Logging Into A Website Using C# Programmatically

DGarrett01 picture DGarrett01 · Sep 10, 2014 · Viewed 43.4k times · Source

So, I've been scouring the web trying to learn more about how to log into websites programmatically using C#. I don't want to use a web client. I think I want to use something like HttpWebRequest and HttpWebResponse, but I have no idea how these classes work.

I guess I'm looking for someone to explain how they work and the steps required to successfully log in to, say, WordPress, an email account, or any site that requires that you fill in a form with a username and password.

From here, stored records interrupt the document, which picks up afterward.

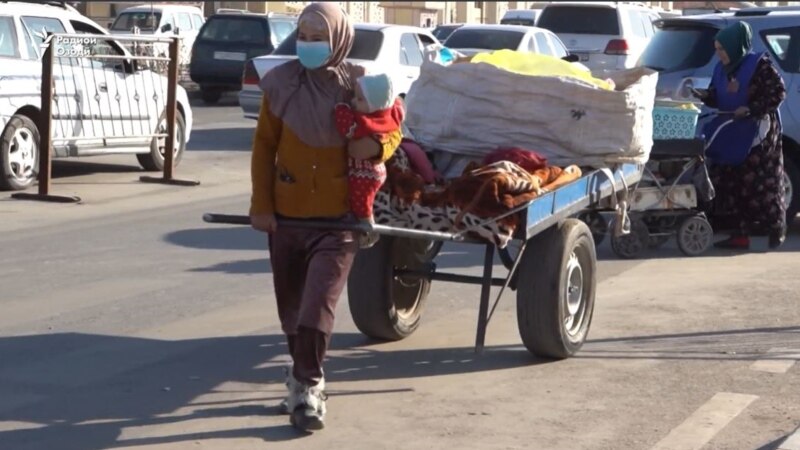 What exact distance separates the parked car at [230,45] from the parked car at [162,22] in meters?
4.20

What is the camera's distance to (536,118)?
8.16 meters

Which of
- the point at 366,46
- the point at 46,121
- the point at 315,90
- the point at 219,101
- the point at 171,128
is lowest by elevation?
the point at 219,101

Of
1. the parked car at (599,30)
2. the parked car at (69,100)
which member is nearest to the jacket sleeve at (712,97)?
the parked car at (69,100)

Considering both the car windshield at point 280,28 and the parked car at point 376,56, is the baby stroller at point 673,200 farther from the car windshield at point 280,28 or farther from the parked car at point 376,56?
the car windshield at point 280,28

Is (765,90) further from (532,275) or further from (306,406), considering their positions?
(306,406)

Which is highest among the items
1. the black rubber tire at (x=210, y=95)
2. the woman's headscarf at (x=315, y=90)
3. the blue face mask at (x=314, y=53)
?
the blue face mask at (x=314, y=53)

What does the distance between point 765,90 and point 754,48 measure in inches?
73.3

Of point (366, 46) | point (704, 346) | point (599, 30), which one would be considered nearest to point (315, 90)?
point (704, 346)

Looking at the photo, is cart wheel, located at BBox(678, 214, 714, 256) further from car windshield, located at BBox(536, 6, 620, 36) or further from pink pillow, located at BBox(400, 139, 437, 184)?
car windshield, located at BBox(536, 6, 620, 36)

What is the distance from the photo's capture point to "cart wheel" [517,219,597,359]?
7.70 meters

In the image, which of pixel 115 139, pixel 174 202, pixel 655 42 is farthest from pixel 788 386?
pixel 115 139

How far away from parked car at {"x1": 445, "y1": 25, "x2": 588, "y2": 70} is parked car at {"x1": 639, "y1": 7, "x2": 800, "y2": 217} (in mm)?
8859

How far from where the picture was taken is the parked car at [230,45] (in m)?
28.1

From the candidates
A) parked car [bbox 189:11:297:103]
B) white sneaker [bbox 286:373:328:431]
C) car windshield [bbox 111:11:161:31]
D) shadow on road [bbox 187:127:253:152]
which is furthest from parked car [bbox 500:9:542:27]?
white sneaker [bbox 286:373:328:431] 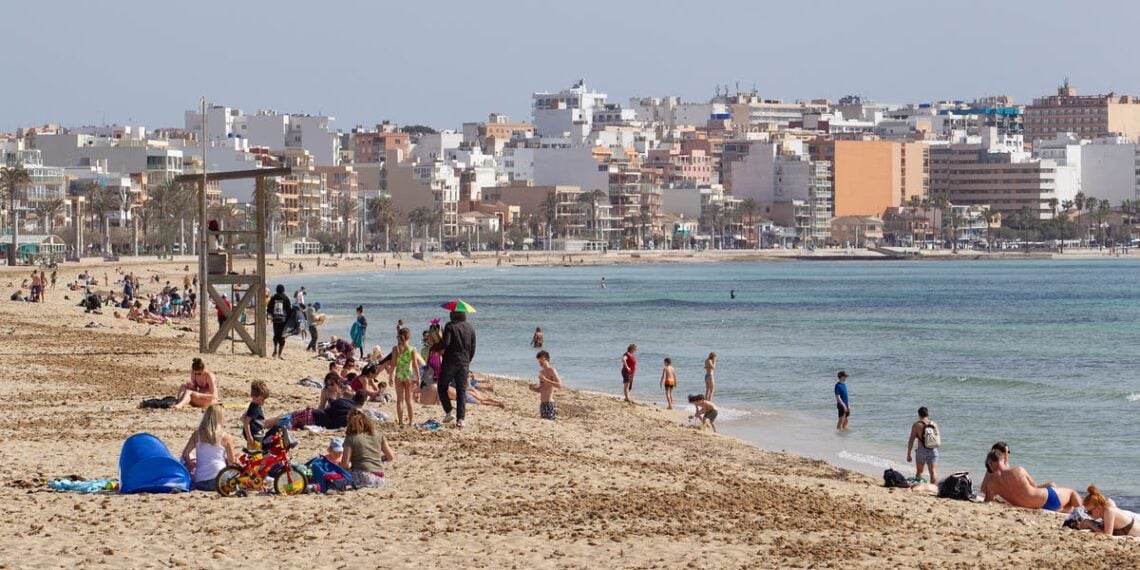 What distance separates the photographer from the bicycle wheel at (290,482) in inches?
496

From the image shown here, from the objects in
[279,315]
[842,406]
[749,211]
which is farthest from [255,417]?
[749,211]

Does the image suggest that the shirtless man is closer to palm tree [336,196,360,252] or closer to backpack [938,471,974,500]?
backpack [938,471,974,500]

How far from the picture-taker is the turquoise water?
2342 centimetres

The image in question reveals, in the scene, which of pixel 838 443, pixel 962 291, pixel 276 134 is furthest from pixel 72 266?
pixel 276 134

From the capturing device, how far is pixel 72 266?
8644 cm

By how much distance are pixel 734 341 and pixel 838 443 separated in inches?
950

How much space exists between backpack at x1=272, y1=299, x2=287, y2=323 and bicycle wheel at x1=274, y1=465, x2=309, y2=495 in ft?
44.0

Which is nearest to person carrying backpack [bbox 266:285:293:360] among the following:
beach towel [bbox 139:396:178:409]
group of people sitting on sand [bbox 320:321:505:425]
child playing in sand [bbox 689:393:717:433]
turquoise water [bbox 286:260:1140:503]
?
group of people sitting on sand [bbox 320:321:505:425]

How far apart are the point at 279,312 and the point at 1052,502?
1423cm

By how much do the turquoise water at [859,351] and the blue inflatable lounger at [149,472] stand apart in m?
9.60

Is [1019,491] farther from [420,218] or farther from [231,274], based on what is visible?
[420,218]

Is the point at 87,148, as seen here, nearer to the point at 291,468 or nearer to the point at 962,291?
the point at 962,291

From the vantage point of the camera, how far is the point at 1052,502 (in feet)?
48.3

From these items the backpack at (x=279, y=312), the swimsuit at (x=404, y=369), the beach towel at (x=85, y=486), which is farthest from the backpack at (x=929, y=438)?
the backpack at (x=279, y=312) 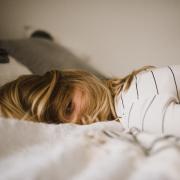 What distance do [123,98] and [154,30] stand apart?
1.55ft

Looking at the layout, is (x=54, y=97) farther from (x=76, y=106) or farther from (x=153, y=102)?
(x=153, y=102)

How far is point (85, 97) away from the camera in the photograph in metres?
0.87

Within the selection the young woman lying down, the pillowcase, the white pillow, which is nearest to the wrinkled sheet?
the young woman lying down

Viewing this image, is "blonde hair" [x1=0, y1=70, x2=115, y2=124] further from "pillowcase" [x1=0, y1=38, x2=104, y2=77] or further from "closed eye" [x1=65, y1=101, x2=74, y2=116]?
"pillowcase" [x1=0, y1=38, x2=104, y2=77]

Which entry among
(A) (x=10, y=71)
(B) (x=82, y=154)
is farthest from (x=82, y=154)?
(A) (x=10, y=71)

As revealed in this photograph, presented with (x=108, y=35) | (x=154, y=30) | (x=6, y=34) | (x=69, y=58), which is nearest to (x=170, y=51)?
(x=154, y=30)

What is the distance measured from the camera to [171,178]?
0.44 m

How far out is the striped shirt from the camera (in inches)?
26.1

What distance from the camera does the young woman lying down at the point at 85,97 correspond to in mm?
765

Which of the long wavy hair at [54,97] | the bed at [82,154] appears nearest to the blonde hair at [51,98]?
the long wavy hair at [54,97]

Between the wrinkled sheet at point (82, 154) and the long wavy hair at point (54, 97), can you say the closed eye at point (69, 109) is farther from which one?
the wrinkled sheet at point (82, 154)

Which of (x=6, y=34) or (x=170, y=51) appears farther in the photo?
(x=6, y=34)

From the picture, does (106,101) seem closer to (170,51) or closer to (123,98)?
(123,98)

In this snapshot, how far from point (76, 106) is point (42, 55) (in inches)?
15.4
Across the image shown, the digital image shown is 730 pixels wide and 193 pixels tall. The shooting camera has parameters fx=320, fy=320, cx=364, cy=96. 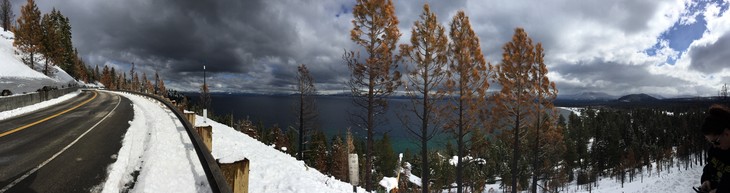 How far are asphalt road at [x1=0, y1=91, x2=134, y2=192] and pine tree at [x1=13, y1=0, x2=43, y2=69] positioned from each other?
180 feet

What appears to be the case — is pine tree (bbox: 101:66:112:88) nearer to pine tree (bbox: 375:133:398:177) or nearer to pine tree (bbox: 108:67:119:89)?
pine tree (bbox: 108:67:119:89)

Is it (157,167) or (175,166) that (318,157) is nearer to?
(175,166)

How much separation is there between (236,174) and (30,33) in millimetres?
68277

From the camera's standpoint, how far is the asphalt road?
4656 mm

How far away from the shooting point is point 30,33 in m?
48.9

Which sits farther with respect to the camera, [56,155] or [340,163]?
[340,163]

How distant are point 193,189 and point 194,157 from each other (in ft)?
6.76

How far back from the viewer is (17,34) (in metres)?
51.1

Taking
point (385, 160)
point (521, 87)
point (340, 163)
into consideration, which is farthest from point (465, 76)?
point (385, 160)

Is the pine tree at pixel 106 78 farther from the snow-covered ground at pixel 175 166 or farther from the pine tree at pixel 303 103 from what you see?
the snow-covered ground at pixel 175 166

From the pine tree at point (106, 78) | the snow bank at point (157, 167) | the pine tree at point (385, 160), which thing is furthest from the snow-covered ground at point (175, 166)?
the pine tree at point (106, 78)

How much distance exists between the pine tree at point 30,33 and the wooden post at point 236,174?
67018 millimetres

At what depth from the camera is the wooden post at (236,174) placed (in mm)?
3348

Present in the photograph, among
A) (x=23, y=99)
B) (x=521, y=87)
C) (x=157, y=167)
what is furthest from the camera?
(x=521, y=87) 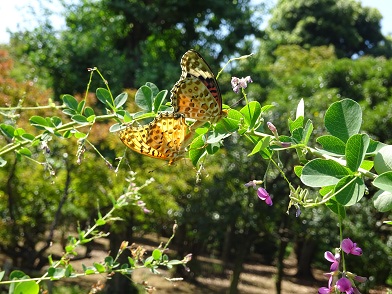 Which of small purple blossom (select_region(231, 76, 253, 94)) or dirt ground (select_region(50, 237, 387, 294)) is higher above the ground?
small purple blossom (select_region(231, 76, 253, 94))

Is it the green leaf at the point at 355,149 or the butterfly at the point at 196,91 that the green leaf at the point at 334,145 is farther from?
the butterfly at the point at 196,91

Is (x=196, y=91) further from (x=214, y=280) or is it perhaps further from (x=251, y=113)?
(x=214, y=280)

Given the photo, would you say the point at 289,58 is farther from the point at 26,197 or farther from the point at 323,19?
the point at 26,197

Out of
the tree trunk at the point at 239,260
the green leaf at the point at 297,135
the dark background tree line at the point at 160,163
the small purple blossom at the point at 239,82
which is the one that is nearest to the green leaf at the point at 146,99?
the small purple blossom at the point at 239,82

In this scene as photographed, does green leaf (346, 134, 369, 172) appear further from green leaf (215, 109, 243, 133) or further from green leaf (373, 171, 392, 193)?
green leaf (215, 109, 243, 133)

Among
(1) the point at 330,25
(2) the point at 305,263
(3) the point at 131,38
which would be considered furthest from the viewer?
(1) the point at 330,25

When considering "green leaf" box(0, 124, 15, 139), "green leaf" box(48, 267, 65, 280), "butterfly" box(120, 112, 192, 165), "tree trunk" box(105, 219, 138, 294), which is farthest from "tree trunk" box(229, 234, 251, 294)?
"butterfly" box(120, 112, 192, 165)

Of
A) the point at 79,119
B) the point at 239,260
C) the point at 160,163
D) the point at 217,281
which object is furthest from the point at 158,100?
the point at 217,281
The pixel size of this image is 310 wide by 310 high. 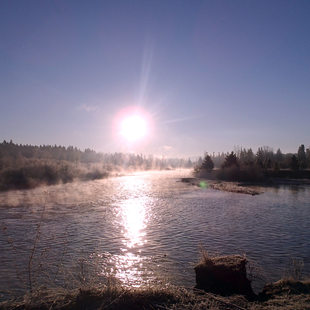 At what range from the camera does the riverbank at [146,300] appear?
23.2 ft

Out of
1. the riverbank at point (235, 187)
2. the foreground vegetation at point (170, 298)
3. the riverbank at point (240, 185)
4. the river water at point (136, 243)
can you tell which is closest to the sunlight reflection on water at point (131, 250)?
the river water at point (136, 243)

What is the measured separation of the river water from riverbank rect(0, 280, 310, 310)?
57 cm

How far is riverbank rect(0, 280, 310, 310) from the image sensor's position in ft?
23.2

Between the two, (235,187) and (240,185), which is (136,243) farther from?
(240,185)

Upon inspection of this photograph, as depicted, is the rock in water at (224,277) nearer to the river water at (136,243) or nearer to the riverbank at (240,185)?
the river water at (136,243)

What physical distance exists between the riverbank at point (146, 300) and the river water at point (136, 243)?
1.88 ft

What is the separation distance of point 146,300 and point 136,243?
828 cm

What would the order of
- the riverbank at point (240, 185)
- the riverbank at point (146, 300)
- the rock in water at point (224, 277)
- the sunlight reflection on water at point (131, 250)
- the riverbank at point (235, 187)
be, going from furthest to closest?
the riverbank at point (240, 185), the riverbank at point (235, 187), the sunlight reflection on water at point (131, 250), the rock in water at point (224, 277), the riverbank at point (146, 300)

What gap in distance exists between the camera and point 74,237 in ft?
54.6

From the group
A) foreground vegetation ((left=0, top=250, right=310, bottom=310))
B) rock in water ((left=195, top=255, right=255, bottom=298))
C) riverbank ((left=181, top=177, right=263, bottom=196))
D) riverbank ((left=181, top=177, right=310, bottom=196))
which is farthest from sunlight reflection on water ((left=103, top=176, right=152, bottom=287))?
riverbank ((left=181, top=177, right=310, bottom=196))

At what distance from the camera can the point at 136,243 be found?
1562 centimetres

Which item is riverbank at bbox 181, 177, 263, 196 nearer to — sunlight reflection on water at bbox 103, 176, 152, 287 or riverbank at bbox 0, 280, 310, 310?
sunlight reflection on water at bbox 103, 176, 152, 287

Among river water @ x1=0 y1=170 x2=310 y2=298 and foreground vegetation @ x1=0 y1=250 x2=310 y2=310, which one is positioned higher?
foreground vegetation @ x1=0 y1=250 x2=310 y2=310

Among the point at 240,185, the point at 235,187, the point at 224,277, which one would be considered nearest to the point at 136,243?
the point at 224,277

Here's one of my attempts:

// Declare variables
        string url = textBoxGetSource.Text;
        string username = textBoxUsername.Text;
        string password = PasswordBoxPassword.Password;

        // Values for site login fields - username and password html ID's
        string loginUsernameID = textBoxUsernameID.Text;
        string loginPasswordID = textBoxPasswordID.Text;
        string loginSubmitID = textBoxSubmitID.Text;

        // Connection parameters
        string method = "POST";
        string contentType = @"application/x-www-form-urlencoded";
        string loginString = loginUsernameID + "=" + username + "&" + loginPasswordID + "=" + password + "&" + loginSubmitID;
        CookieContainer cookieJar = new CookieContainer();
        HttpWebRequest request;

        request = (HttpWebRequest)WebRequest.Create(url);
        request.CookieContainer = cookieJar;
        request.Method = method;
        request.ContentType = contentType;
        request.KeepAlive = true;
        using (Stream requestStream = request.GetRequestStream())
        using (StreamWriter writer = new StreamWriter(requestStream))
        {
            writer.Write(loginString, username, password);
        }

        using (var responseStream = request.GetResponse().GetResponseStream())
        using (var reader = new StreamReader(responseStream))
        {
            var result = reader.ReadToEnd();
            Console.WriteLine(result);
            richTextBoxSource.AppendText(result);
        }

        MessageBox.Show("Successfully logged in.");

I don't know if I'm on the right track or not. I end up being returned back to the login screen of whatever site I try. I've downloaded Fiddler and was able to glean a little bit of information about what information is sent to the server, but I feel completely lost. If anyone could shed some light here, I would greatly appreciate it.

Answer

xavier picture xavier · Sep 10, 2014

Logging into websites programatically is difficult and tightly coupled with how the site implements its login procedure. The reason your code isn't working is because you aren't dealing with any of this in your requests/responses.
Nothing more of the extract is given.